And, by the way, no one said calling the director bars lefty from bidding. However, if the director was in the loop, he would call him aside and explain that the hand does not represent anything like a 5C call (especially when partner went into the tank for an eternity and passed).

Perhaps when directors get their acts in shape and bear down on those who take advantage of huddles, we will be making some progress toward playing the game as it should be played.

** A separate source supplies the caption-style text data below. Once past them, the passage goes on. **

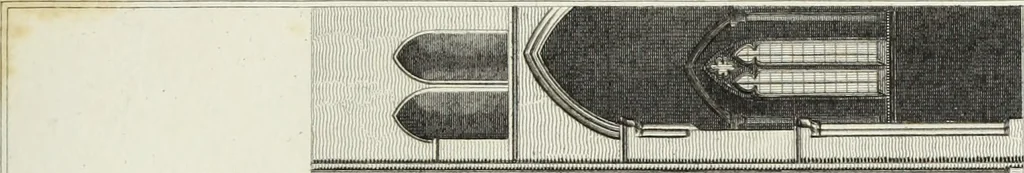 An illustration from The architectural antiquities of Great Britain, represented and illustrated in a series of views, elevations, plans, sections, and details, of various ancient English edifices : with historical and descriptive accounts of each, 1807, leaf 58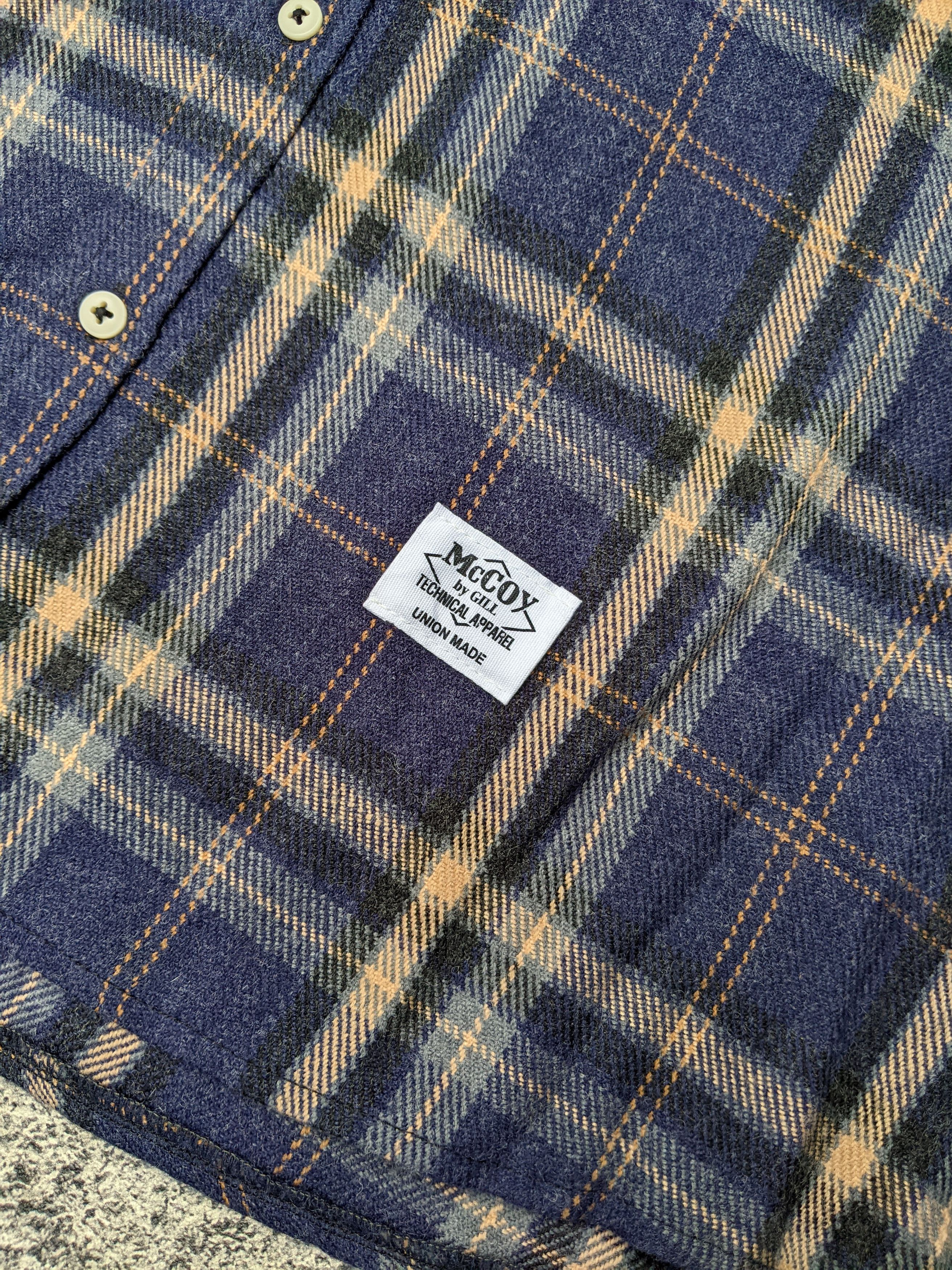 The Real McCoy's McCoy Wool Flannel Shirt Size US L / EU 52-54 / 3 - 3 Thumbnail
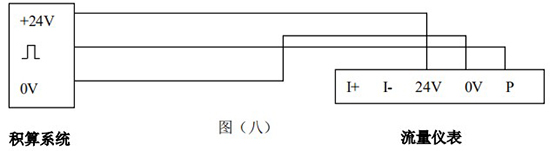 飽和蒸汽流量計三線制接線圖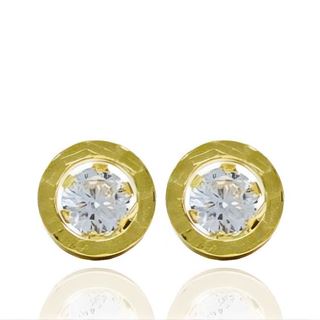 Foto de 05-4110 - PENDIENTES CIRCONITA 6MM 18K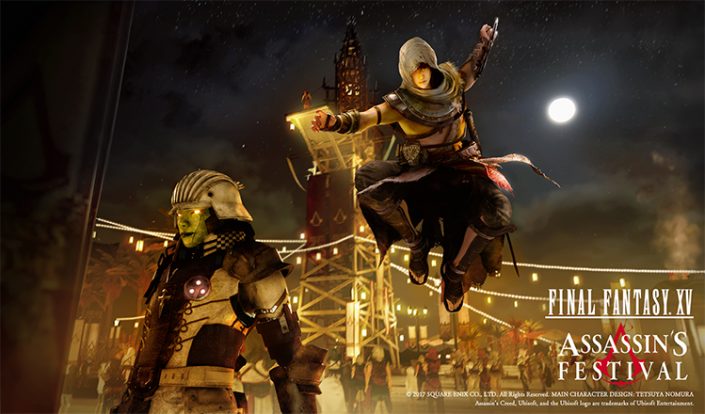 Final Fantasy 15: Crossover-Aktion mit Inalten aus Assassin’s Creed Origins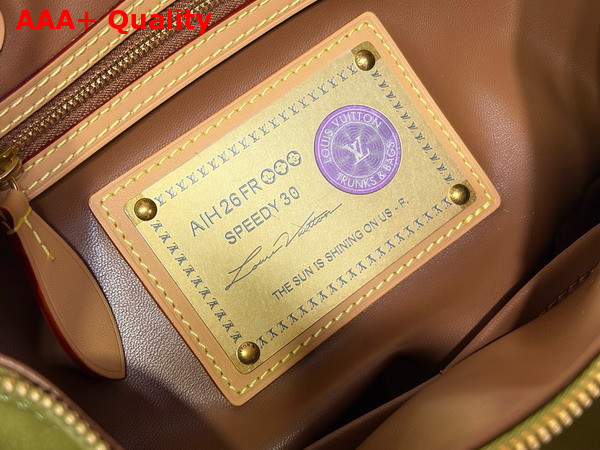 Louis Vuitton Speedy P9 Bandouliere 30 in Monogram Green Dew Calfskin Leather M2A408 Replica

CALL IMMEDIATELY. WHY WAIT? However, do it in a respectful tone and explain the prior events in a non-accusatory tone and hopefully the director will be knowledgeable enough to have justice triumph.

Judy Kay-WolffDecember 6th, 2010 at 2:41 pm

Peg:

All that glitters is not gold. The STOP CARD perhaps should be accompanied by a remark, please wait 10 seconds — or when remaking the cards — have it printed on them. Most of the people at our game know enough not to make a call immediately, but a few do pass quick as a flash.

The case in point left nothing to the imagination. I said 15 seconds. Perhaps it was 20. Looking at the hand, you can understand why.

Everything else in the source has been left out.